• Health Equity Fellow Targets Obesity in Clinic, Community

    January 06, 2020 09:00 am David Mitchell – Keisha Harvey, M.D., can relate to some of the biggest challenges patients face in Washington Parish, La., where 37% of the population has obesity and 25% lives below the poverty line.

    "It hits home for me. My mother suffered from obesity," said Harvey. "My mother put forth her best efforts to live a healthier lifestyle and lose weight. We would get up every morning at 5 a.m. and walk to attempt to lose weight. We tried multiple diets that would only lead to short-term weight loss. Due to my journey with my mom, I learned that just because you're overweight doesn't mean you have to have negative health outcomes. There's a holistic aspect to health. You have to start with what's best for yourself and what you can improve."

    Harvey, one of the AAFP's Health Equity Fellows, is trying to help patients at her solo practice do just that. Her yearlong fellowship project will include educating patients about healthy lifestyles, encouraging changes and assessing their progress, as well as an education component for residents at the Louisiana State University Rural Family Medicine Residency Program in Bogalusa and outreach to local physicians regarding obesity bias.
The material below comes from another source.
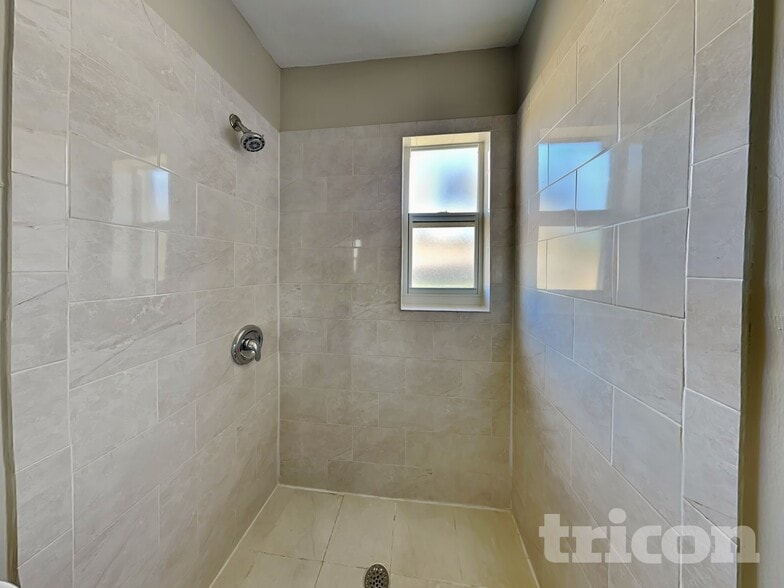 Building Photo - 3909 W Wallace Ave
    "I'm going to do everything I can to make sure this is a community effort and not just my personal agenda," said Harvey, who also is connecting with civic leaders and has secured an agreement with a local church to provide free gym space. "I'm going to do the work and hopefully we can get a good, strong group of people who want to make changes."
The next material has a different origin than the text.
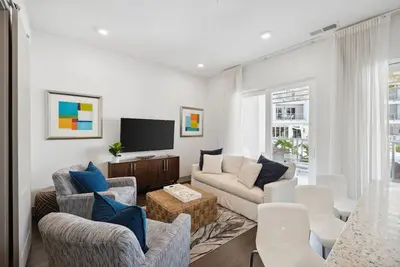 Image de The Pointe 30a 312 -Beach, Walk out to Pool, Hot Tub, Slps 6, Free Golf, 4 Bikes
    The residency program already has a weekly Walk With a Doc program that encourages patients to exercise and connects them to physicians, but Harvey hopes to expand the concept to offer other forms of exercise that might draw more participants and build more relationships between patients and doctors.

    The need is great. In addition to the staggering obesity statistic, more than half of the parish's population has hyperlipidemia, half has hypertension and 13% has diabetes. Harvey is doing a series of interviews with a local radio station about obesity and related issues, including nutrition, exercise and mental health, in an effort to reach patients.

    "Obesity is a complex issue," she said. "It's not just about a number on a scale or dieting. There's a mental health aspect, there are environmental factors and a complex network of risk factors that lead to obesity. If you have obesity, you have to ask yourself, 'Am I doing everything to make sure I'm OK?' It's not just about an image; it's about personal well-being."

    Harvey also hopes to reach her peers. Too often, she said, doctors don't do enough to address weight gain or obesity. Physicians can help patients with obesity be more comfortable in health care settings -- and be more likely to seek care -- by addressing obesity bias. That, Harvey added, means equipping practices with chairs, exam tables and gowns that are sized appropriately for patients with obesity. Practices also can take extra steps, such as avoiding weighing patients in busy hallways to protect their privacy.

    In addition to tracking patients' progress, Harvey hopes to assess what residents learn during the project, as well as what changes other physicians make regarding their approach to obesity.